Aim of the exercise: Retype the opening lines of the data exactly, stopping after the line that contains "For further details". Skip every picture.

(Provided material)

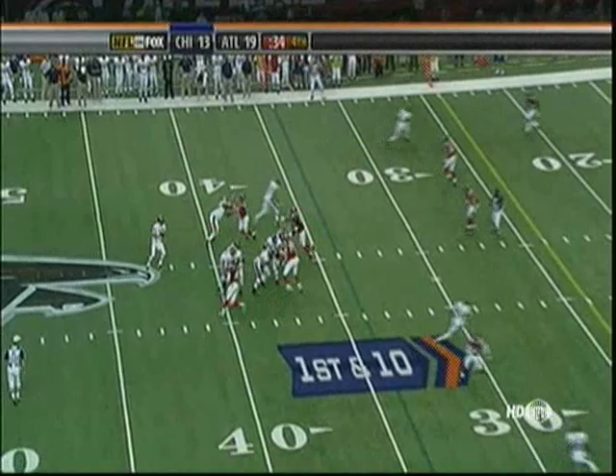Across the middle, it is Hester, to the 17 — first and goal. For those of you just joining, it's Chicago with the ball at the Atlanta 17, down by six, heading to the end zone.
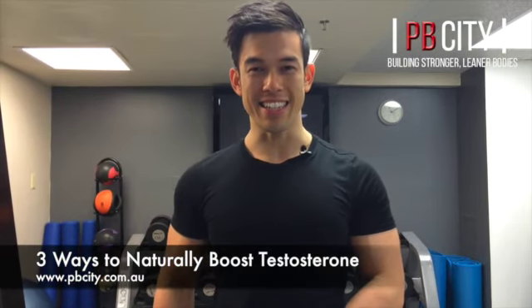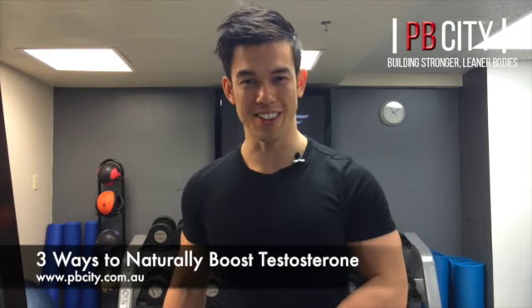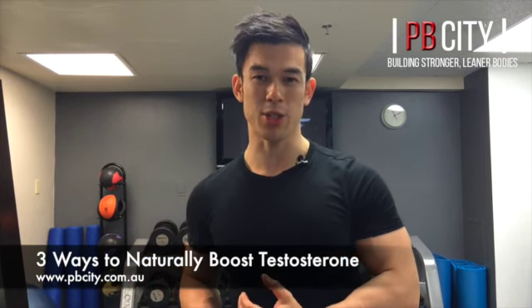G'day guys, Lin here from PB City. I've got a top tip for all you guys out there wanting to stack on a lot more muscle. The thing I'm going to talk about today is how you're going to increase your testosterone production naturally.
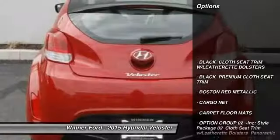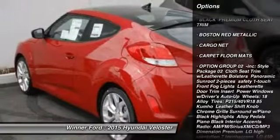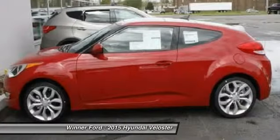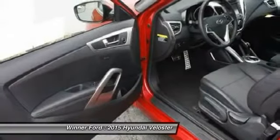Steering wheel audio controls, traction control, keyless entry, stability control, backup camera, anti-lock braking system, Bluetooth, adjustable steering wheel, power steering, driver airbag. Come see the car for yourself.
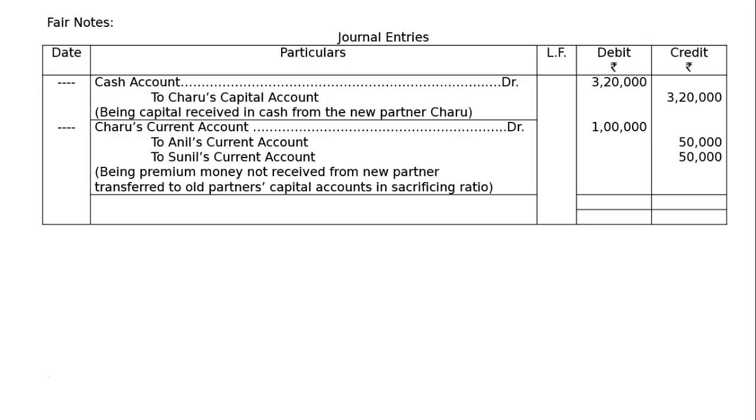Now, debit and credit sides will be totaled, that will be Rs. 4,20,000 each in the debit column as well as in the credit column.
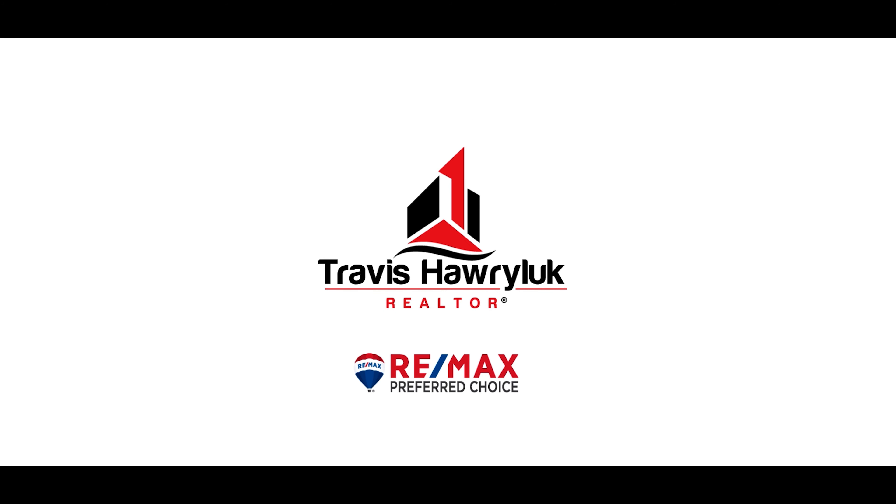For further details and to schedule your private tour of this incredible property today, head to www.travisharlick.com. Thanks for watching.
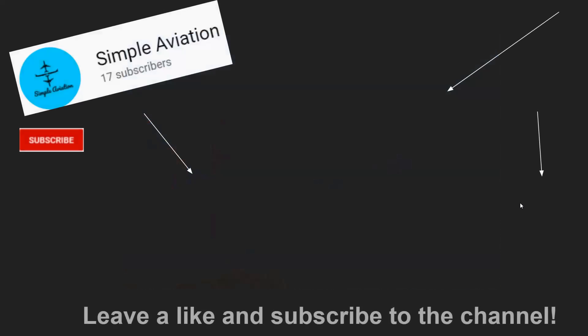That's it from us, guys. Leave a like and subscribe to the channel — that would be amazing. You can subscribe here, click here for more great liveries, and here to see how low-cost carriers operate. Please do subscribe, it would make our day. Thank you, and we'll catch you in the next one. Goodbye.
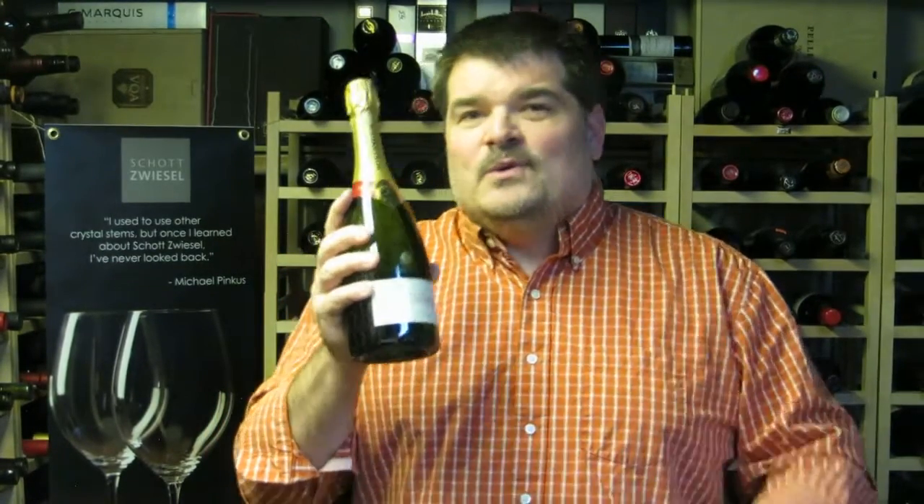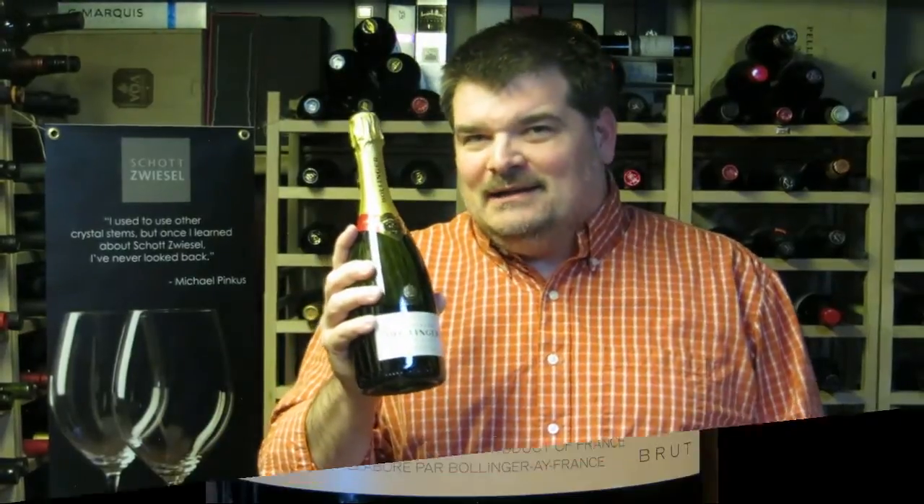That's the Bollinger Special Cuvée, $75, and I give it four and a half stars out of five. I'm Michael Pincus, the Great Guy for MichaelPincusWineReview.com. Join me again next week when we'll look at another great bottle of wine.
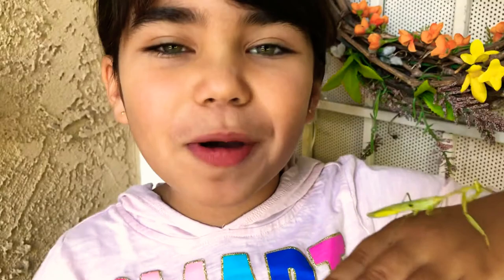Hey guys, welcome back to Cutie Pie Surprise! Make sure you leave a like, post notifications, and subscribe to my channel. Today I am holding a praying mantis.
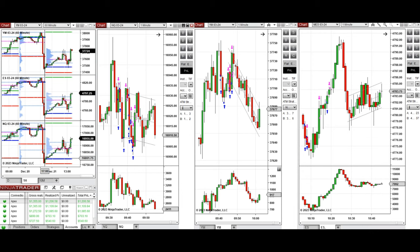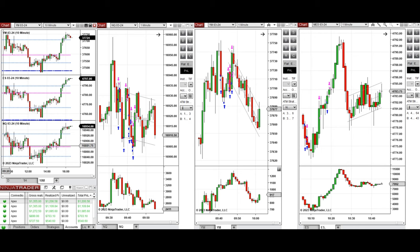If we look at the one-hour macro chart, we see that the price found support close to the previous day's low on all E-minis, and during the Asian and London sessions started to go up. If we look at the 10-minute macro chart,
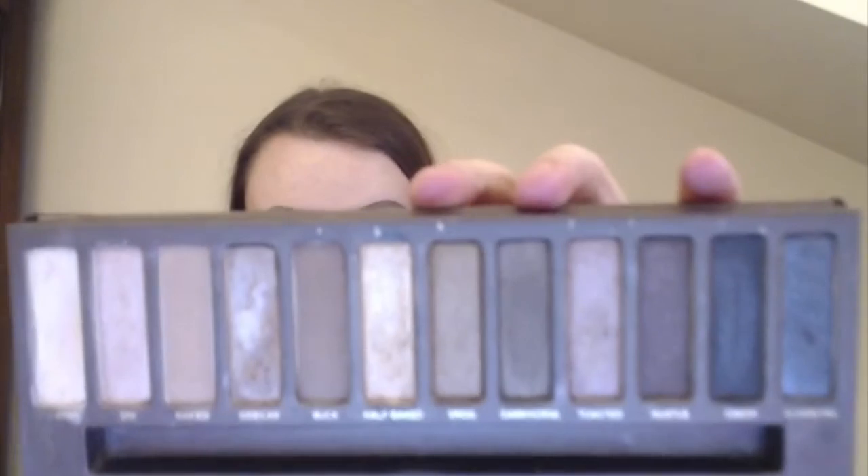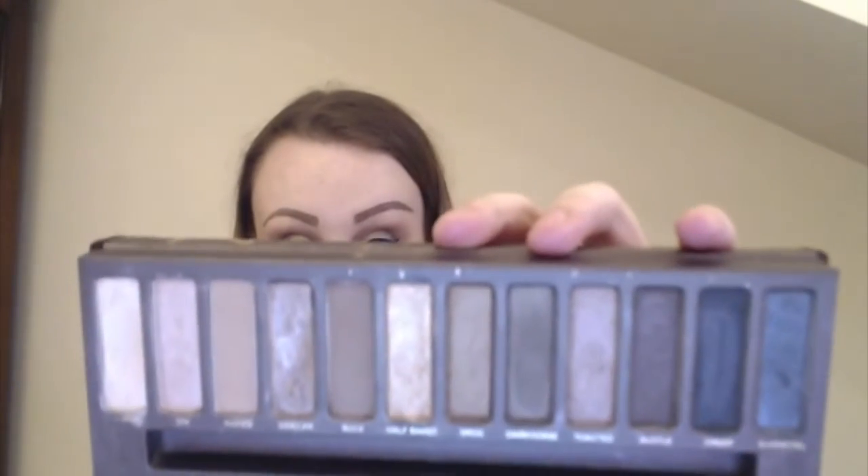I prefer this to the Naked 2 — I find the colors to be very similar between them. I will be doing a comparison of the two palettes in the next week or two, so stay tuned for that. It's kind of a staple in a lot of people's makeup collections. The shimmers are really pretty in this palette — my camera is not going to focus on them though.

(End Provided material)

Exercise output:
Across the middle, it is Hester, to the 17 — first and goal. For those of you just joining, it's Chicago with the ball at the Atlanta 17, down by six, heading to the end zone.
G'day guys, Lin here from PB City. I've got a top tip for all you guys out there wanting to stack on a lot more muscle. The thing I'm going to talk about today is how you're going to increase your testosterone production naturally.
Steering wheel audio controls, traction control, keyless entry, stability control, backup camera, anti-lock braking system, Bluetooth, adjustable steering wheel, power steering, driver airbag. Come see the car for yourself.
Now, debit and credit sides will be totaled, that will be Rs. 4,20,000 each in the debit column as well as in the credit column.
For further details and to schedule your private tour of this incredible property today, head to www.travisharlick.com. Thanks for watching.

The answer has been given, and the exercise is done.